Sure. I understand. So I was going through the presentation, but it was not there. So I thought of asking you that, what percentage of it is. So I take off record some time.
So the second question is with regard to the IoT-led business. You said that in your presentation that we sold 1.9 plus lakh IoT devices and you said that the opportunity could be INR 20-plus crores vehicles. So in terms of value, what would be the opportunity size? I just wanted to understand.
In terms of value of?
This INR 20-plus crores vehicles when you say what kind of...
I said, that's the TAM, total addressable market.
Value can be very, very high. That's the whole point that we are trying to make. I mean, we are at INR 60 crores right now with IoT-led with 1.9 or 2 lakh, let's say, devices. So I mean, 100x more, 20 lakhs -- 1,000x orders of magnitude -- we're not saying that we'll get all that. I mean, not all vehicles.
We don't visualize getting all of them even in a long shot. There will be other players also.
Okay. And third question and the final question. This is with regard to the employee cost. So on an annualized basis, if I look at, your employee cost is 24%, which has come down from 29% Y-o-Y. So what do you think that in long term, say, from a 3- to 5-year perspective, with the kind of service offerings and the platform-led businesses you have, do you think that this cost is going to move proportionately or come down as a percentage?
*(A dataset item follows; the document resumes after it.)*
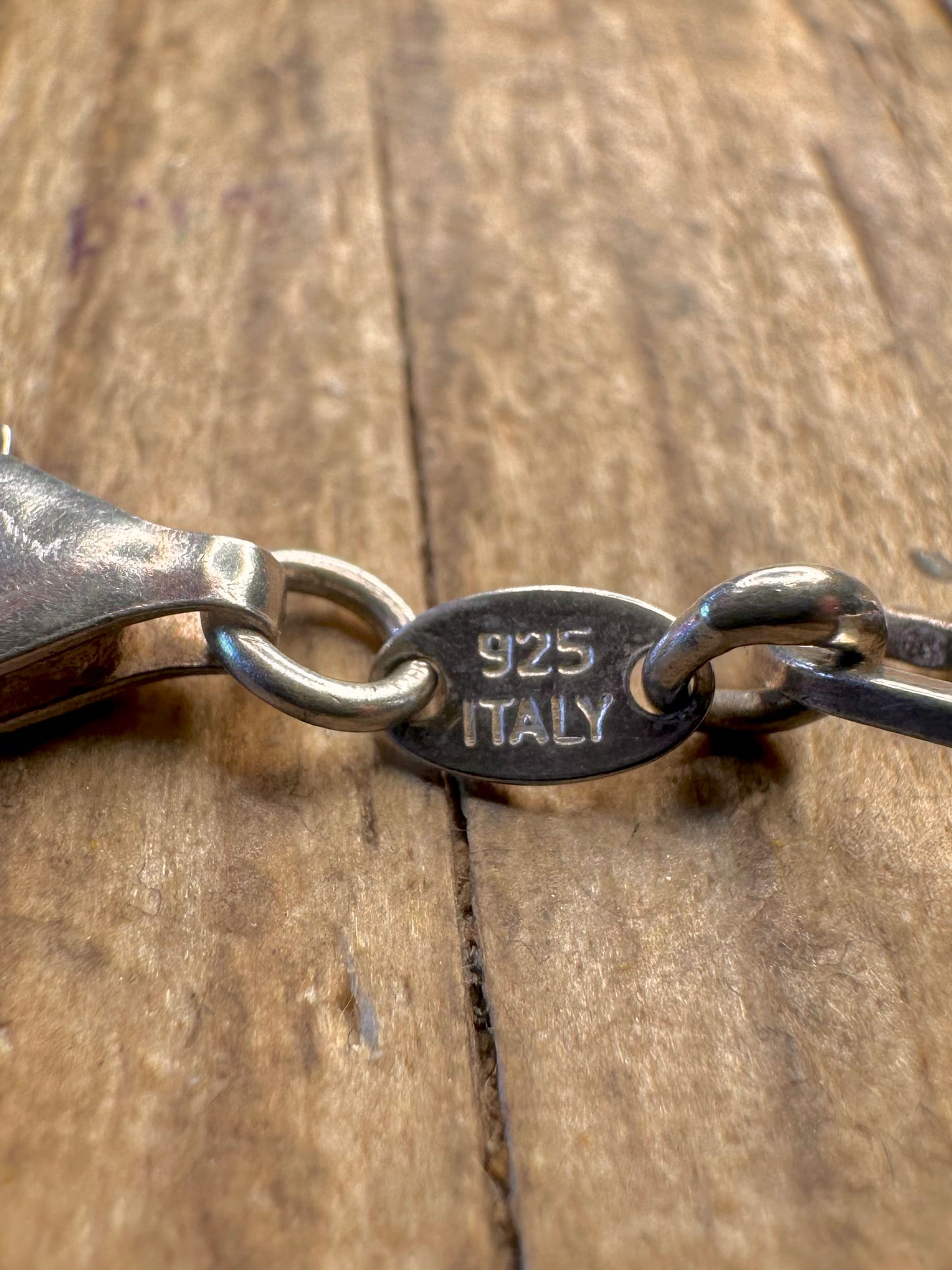 Heart Link Italian 925 Sterling Silver 7 inch Bracelet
It won't move proportionately to growth in revenue for sure, the product and platform. We are looking to always add 2 sets of people, higher skills, technical people and also, of course, a little bit on the sales side. Because those 2 things help us. I mean, a, on one side, improved products or scale products. And on the other side, help us get customers, but it will obviously not grow as fast as the revenue, and that's the operating leverage in the company.
Ladies and gentlemen, that would be our last question for today. I'd now like to hand over the conference to the management for closing comments. Over to you, sir.
I just want to say thank you to those people who are there. And I hope that you've seen a good track record in the last 4, 5 quarters. We are obviously aspiring to build a very, very large company differentiated on technology and products and platforms. And with that ambition and aspiration while working steadily, we hope to achieve that. So thank you for being on the journey with us.
Thank you. On behalf of DAM Capital Advisors Limited, that concludes this conference. Thank you for joining us. You may now disconnect your lines.